Thursday, May 28, 2015

Choosing a Preschool


"If help and salvation are to come, they can only come from the children, 
for the children are the makers of men."
-Maria Montessori




I don't know about you, but trying to decide on a preschool almost made me need a Xanax.

Here was the Micaela method of choosing a preschool:
1. Google preschools in my area.
2. Open up tabs for all the schools.
3. Try to learn about the schools.
4. Try to figure out how much tuition was for each school.
5. Get depressed about how much private school costs.
6. Give up.
7. Repeat a month later.
8. After five rounds of this, I walked into the closest preschool and enrolled.

My husband kept asking me what was taking so long. There are so many things to consider, that's what! There are so many things you have to think about when looking at preschools, and I eventually just got overwhelmed and enrolled in the first one I toured, even though it's not as high quality as I would like.

What you have to consider when choosing a preschool boils down to four main things: location, cost, the quality of the school, and the type of school. 

Let me explain the last two points. Unless you live in NYC (in which case, you most certainly will need a prescription for Xanax), there are probably five main types of child care centers in your area: traditional, Montessori, Reggio Emilia, Head Start, and family child care. 
  • Traditional: The classrooms are usually divided by peer grouping (children are the same age). Rooms usually have the same learning centers: blocks, math and science, library, art, dramatic play, and music and movement. These schools usually follow the same general schedule: choice time, circle time, small groups, playground, lunch, nap, choice time, playground. Children learn from the materials in the room and from lessons teachers give during circle time and small groups.
  • Montessori: These classrooms use family groupings, so three-year-old children to six-year-old children are in the same room. Rooms are loaded with didactic materials and life skills experiences (they even wash their own dishes). The children decide what they learn, when they learn. The schedule is generally choice time, playground, lunch, choice time. Teachers walk around the room observing children. If they see a child struggling with a task and don't think the child can do it himself, they will help the child with statements and open-ended questions that prod the child to successful completion.
  • I know this is boring, but stay with me.
  • Reggio Emilia: This promotes beauty, community, self-expression, and exploration. Learning is based on long-term projects. Teachers closely follow what children say and do in order to figure out what they want to learn about and then provide materials to get the children there. The classrooms provide basic didactic materials and change in order to put in centers based on the children's projects. 
  • Head Start: This is a wonderful federal program for low-income families. Head Start tries to address not just the educational needs of its children, but adds health, nutrition, and parent education and involvement. 
  • Family child care: Someone prepares a part of their home to be like a small traditional or Montessori classroom. Usually it's one person handling a few children. Schedules and learning are all up to that provider. These are best for infants and toddlers because they do best in home-like environments. These also tend to be a little cheaper because you don't have to pay for administrative costs, building costs, etc. You are basically paying for the provider's time, and the equipment and materials.
Quality mainly boils down to the education of the caregivers, the quality of the classrooms and playground, and the ratio of teachers to students. 
  • Ideally, you would want your child's teacher to have a bachelor's or master's degree, but most teachers usually aren't that qualified. You also want a teacher who has several years of experience. Sadly, many teachers are fresh out of high school with little or no experience. 
  • Classrooms should be clean and full of equipment and materials in good repair. Bonus points if the furniture is all solid wood. Playgrounds are great if they are less like one big hunk of plastic and more like an outdoor classroom with different activities for children.
  • The fewer children each teacher has to care for, the more attention each child gets.

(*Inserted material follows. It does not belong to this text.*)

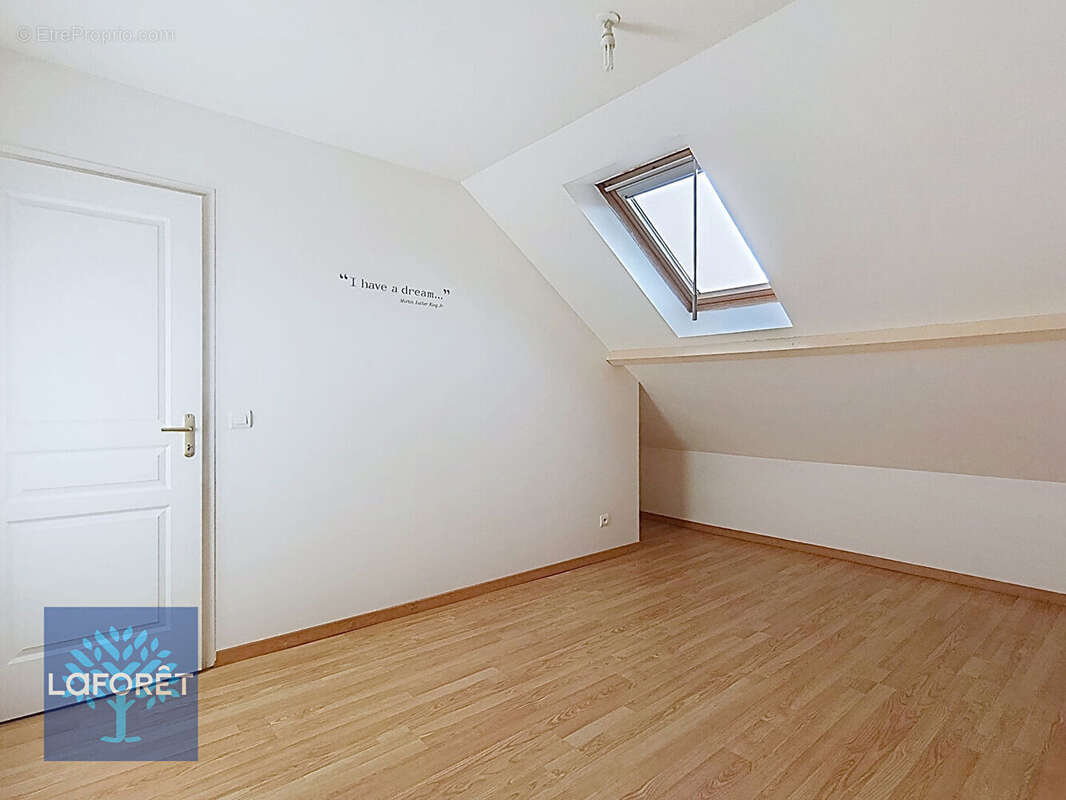 Appartement à MENNECY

So what kind of school do I recommend? If there was a Montessori school close to my house and it wasn't expensive, that is definitely where my children would be going. Montessori and Reggio are incredible. The first time I walked into a Montessori room, (this is going to sound cheesy, but) I felt like my soul was at rest. It was beautiful, it was peaceful. And the Reggio school here is so beautiful it left me speechless. If you ever have the opportunity to tour a Reggio school, do it.

I hope this post gave you helpful information without making you feel even more overwhelmed!